Rockville Public Library Receives Grant To Help Children Be “READy For The Grade”

January 15, 2013
From the Hartford Courant

Rockville Public Library has received one of the first grants made through the “READy for the Grade” program, which is part of the NewAlliance Foundation’s public library summer reading initiative. Grants totaling $420,000 are going to four Connecticut libraries for innovative projects designed to combat “summer reading loss.”

“READy for the Grade” especially addresses findings that many students from low-income families lose ground in their reading skills during summer vacation. Awards of $35,000 per year over three years will support library projects working in partnership with a local school to maintain skills gained during the school year for students in kindergarten through grade three.

The Rockville Public Library will create an intensive summer-long program working with children identified by their partner, Maple Street School. Activities will include visits from professionals acting as Reading Role Models, such as firefighters and veterinarians, who will emphasize the importance of reading in their lives. Members of the Friends of Rockville Public Library will volunteer in the program to give one on one time with the young readers. Specially trained reading dogs will help young readers gain confidence in reading aloud.

The library will also collaborate with the Vernon Community Network for activities and volunteers for the program. Parents will be encouraged to participate in the program. Workshops and family dinners will give them suggestions on ways to strengthen their child’s reading skills.

The Vernon Board of Education has been a partner with the library from the beginning. The grant was written by Sharon Redfern from the library in collaboration with Jerry Griffin from the Board of Education. Mayor George Apel has given his support to the program by allowing town employees to be Reading Role Models.

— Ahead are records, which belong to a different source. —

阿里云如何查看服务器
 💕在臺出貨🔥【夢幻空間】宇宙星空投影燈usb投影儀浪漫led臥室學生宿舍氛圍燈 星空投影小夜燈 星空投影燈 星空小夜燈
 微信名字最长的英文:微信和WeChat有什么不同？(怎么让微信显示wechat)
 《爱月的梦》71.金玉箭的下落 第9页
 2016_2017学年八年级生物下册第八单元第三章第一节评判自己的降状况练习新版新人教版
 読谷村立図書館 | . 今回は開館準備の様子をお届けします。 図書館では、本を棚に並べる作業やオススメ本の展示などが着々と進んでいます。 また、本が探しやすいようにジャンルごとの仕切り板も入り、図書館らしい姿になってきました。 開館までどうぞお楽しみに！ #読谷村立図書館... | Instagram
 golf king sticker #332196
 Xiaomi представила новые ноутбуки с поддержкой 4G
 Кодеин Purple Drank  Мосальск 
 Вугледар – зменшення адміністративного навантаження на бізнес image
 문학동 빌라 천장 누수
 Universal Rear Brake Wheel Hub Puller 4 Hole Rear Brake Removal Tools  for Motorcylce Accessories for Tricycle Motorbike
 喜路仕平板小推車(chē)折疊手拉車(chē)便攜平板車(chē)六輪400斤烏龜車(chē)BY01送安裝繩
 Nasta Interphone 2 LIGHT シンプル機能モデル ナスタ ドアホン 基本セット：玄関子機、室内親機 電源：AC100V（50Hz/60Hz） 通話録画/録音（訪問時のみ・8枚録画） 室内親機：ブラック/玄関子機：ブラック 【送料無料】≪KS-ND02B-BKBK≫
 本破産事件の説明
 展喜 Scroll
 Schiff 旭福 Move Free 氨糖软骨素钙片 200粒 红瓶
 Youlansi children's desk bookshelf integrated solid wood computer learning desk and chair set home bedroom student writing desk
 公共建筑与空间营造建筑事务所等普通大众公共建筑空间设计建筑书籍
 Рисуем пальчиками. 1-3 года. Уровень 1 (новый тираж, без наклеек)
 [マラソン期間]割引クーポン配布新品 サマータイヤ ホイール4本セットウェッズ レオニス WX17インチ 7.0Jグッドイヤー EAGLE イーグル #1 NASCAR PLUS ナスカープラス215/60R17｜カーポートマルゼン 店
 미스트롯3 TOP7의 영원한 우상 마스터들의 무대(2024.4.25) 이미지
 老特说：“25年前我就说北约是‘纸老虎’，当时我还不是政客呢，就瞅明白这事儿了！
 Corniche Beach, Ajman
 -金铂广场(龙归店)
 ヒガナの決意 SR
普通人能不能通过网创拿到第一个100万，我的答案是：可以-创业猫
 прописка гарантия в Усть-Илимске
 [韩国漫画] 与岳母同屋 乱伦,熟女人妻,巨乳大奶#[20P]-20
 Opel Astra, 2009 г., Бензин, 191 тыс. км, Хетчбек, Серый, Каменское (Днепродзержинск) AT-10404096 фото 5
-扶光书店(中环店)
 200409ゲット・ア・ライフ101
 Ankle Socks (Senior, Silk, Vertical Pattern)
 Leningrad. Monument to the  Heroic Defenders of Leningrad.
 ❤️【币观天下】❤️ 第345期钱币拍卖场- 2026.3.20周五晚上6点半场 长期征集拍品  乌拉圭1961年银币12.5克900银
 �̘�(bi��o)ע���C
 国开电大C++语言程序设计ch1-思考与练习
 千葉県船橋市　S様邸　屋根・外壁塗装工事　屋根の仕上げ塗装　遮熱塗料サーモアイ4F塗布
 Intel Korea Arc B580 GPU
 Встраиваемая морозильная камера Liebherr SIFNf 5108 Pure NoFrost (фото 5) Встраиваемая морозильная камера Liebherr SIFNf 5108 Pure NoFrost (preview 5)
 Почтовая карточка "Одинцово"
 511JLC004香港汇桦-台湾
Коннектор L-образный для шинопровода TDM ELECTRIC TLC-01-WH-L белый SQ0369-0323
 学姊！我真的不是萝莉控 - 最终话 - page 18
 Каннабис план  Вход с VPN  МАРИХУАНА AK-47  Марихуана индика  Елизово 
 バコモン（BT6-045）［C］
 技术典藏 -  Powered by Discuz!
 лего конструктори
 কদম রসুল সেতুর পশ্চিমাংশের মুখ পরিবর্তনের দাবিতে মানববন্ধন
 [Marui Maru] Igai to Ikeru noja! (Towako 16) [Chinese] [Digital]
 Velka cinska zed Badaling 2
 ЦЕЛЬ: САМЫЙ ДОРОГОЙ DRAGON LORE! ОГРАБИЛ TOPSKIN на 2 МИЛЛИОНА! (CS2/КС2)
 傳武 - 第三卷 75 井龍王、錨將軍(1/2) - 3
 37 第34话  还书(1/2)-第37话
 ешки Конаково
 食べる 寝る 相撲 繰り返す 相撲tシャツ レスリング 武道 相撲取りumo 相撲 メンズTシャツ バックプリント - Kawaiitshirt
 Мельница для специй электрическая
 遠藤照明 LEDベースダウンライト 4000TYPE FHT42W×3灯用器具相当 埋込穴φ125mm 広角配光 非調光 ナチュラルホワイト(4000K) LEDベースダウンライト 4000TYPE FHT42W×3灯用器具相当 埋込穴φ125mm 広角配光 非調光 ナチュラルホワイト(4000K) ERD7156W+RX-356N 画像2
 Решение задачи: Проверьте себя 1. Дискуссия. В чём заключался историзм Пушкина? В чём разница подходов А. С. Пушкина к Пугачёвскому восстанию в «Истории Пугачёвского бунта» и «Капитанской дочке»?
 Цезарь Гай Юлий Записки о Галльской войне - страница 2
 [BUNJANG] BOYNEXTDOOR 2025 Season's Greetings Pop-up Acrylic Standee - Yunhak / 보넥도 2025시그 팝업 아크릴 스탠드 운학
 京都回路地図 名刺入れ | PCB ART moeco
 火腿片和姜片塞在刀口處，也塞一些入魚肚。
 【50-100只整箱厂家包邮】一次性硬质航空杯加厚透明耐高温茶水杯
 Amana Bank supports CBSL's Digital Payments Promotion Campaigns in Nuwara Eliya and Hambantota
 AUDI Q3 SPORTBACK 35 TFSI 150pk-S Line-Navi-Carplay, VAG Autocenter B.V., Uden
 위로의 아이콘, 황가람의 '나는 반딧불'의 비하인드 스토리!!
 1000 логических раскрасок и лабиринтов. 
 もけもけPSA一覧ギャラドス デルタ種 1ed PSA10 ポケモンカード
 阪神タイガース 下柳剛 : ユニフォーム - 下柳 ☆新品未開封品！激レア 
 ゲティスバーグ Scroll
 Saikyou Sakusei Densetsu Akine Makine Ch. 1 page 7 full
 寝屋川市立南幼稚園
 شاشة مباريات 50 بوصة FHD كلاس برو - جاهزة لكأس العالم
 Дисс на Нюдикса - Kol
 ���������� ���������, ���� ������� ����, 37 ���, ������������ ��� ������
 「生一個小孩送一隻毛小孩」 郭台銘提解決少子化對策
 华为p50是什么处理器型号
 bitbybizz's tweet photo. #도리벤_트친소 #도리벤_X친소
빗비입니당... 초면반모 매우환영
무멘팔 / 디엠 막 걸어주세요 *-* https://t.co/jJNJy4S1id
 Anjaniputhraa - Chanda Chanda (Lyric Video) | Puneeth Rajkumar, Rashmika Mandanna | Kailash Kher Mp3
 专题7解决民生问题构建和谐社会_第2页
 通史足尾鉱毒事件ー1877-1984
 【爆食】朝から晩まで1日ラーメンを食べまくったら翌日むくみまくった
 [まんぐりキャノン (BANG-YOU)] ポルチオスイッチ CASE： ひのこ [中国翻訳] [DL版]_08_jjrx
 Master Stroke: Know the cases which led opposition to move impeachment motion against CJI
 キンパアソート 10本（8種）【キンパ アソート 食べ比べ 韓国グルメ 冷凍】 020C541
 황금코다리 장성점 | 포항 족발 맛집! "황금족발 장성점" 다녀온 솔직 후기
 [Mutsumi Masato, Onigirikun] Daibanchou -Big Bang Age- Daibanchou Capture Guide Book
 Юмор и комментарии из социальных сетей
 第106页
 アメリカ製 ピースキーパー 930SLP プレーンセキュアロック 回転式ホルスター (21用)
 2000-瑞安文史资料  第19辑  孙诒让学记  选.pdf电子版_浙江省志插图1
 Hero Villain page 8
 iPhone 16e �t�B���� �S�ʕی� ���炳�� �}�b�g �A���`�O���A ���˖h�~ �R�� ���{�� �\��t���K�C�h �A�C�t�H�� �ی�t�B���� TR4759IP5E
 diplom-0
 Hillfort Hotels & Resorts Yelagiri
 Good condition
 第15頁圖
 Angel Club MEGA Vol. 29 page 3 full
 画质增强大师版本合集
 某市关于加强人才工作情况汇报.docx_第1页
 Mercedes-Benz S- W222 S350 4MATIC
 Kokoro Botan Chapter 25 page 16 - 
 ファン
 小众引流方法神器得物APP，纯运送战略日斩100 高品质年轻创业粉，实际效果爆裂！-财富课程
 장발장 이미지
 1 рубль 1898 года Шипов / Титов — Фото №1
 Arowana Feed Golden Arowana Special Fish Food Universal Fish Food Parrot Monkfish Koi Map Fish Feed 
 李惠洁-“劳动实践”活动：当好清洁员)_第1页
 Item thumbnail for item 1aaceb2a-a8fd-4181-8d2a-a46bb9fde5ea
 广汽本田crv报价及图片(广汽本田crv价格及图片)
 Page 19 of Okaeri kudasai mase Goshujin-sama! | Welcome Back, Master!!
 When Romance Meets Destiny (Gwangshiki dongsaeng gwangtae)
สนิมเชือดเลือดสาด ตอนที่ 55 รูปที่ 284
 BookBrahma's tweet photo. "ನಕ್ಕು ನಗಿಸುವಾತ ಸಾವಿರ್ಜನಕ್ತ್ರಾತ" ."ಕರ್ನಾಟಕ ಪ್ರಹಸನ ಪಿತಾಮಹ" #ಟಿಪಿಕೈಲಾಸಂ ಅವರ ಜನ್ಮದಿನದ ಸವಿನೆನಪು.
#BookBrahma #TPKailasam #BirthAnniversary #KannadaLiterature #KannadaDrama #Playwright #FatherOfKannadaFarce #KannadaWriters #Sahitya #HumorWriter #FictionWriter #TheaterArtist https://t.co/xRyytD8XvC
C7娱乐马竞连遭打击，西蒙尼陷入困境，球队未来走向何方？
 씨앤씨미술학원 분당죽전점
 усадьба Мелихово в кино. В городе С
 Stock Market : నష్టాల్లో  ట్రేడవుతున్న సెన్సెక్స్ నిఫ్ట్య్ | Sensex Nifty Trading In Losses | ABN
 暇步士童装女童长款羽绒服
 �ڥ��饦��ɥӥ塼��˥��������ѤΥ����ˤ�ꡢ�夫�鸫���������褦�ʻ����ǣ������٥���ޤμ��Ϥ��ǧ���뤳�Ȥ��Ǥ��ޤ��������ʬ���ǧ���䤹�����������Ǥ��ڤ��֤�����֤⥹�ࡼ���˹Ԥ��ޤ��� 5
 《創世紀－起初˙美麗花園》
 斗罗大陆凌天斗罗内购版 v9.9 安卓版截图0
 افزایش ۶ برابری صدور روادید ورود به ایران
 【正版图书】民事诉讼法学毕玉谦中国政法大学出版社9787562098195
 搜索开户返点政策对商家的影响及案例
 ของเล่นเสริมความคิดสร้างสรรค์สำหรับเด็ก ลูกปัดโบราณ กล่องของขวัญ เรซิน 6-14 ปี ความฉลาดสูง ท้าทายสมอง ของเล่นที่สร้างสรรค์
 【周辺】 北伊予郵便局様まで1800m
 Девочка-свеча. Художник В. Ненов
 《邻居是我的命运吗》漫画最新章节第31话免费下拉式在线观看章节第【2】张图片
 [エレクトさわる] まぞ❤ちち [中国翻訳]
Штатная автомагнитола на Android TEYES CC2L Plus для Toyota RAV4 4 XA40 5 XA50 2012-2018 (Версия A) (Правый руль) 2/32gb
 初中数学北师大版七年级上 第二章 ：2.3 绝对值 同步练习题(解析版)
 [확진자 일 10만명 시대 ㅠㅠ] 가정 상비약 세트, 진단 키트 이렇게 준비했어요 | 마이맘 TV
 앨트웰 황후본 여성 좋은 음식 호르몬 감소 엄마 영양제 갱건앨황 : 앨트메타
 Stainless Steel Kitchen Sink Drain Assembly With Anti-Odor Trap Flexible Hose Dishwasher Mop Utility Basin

Ms. Redfern says, “A lot of summer reading programs are designed for quantity. Using reading mentors and more one-on-one time will work to ensure children are understanding what they read and maintaining their skills. The grant will allow us to hire a project manager, reading consultant, interns to work with staff from the children’s department to run the program over the summer of the library. This is going to be a community effort. We hope to include local businesses as well as the board of education, town of Vernon and community networks.”

Maryann Ott, associate director of the foundation, points to research showing that students with low reading skills begin to fall dramatically behind after third grade. “The people who work in this field have a saying that has guided our focus on literacy and education,” Ott says. “They keep reminding us, ‘First you learn to read, and then you read to learn.’ If a child isn’t reading at grade level by the end of third grade, then it becomes almost impossible to keep up after that.”

“A lot of our grant making is about targeting the opportunity for improvement,” Ott says. “That’s what makes the ‘READy for the Grade’ projects so exciting. Each of these libraries has a vision for expanding access in innovative ways.”